In Vermont, a haven for dogs and the humans who love them

By Melanie D.G. Kaplan,

Melanie D.G. Kaplan for The Washington Post

The author’s beagle, Hamilton, waits outside the Stephen Huneck gallery at Dog Mountain while another visitor sniffs one of the sculptures.

When people meet Hamilton and ask something uncouth like how long beagles live, my pat reply is, “Forever.”

I know how silly and dismissive that sounds. But it’s less upsetting than recalling the heartbreak and grief I experienced after my beagle Darwin died in 2011 or coming to terms with the near certainty that I will outlive Hammy. I have always thought that dogs — who have figured out, evolutionarily, how to be our perfect companions — should live exactly as long as their humans. Until that happens, their lives will never be long enough.

In the meantime, there’s Dog Mountain.

Set on a 150-acre hilltop in St. Johnsbury, Vt., Dog Mountain is a celebration of canines — the creation of Stephen Huneck, the folk artist best known for his woodcut prints of playful dogs. Open year-round, dawn to dusk, the mountain attracts tens of thousands of visitors in a typical year, when the destination hosts summer concerts and seasonal dog parties.

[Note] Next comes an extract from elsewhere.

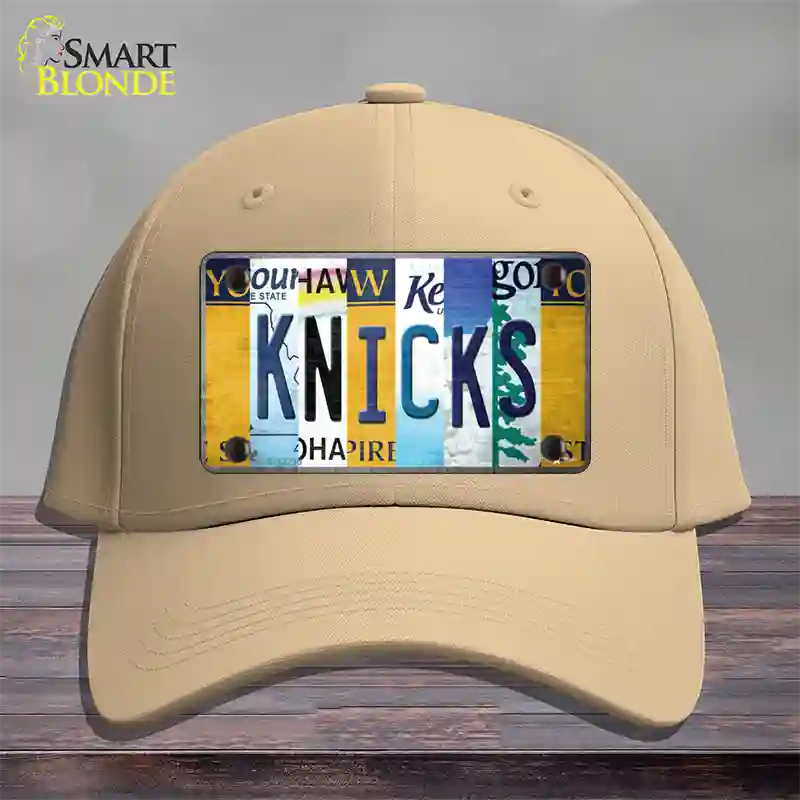 Knicks Strip Art Novelty License Plate Hat Tag Cotton / Khaki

Dog Mountain is a leash-optional haven for dogs, scattered with swimming ponds, miles of hiking and snowshoeing trails, and meadows. For humans, the heart and soul is the one-room Dog Chapel that Huneck built as a sacred place where we could honor the dogs who now live only in our memories.

Before I made my pilgrimage to New England with Hammy, I chose a small photo of Darwin to post in the Dog Chapel and gathered pictures of dog friends who had recently died: Rocky, the sensitive and speedy greyhound; Leo, the gregarious golden retriever; Ben, the soulful beagle who was a testing-laboratory mate of Hammy’s; and Peche, the classy Brittany I’d known since puppyhood. When Peche’s human handed me the photo, she had tears in her eyes.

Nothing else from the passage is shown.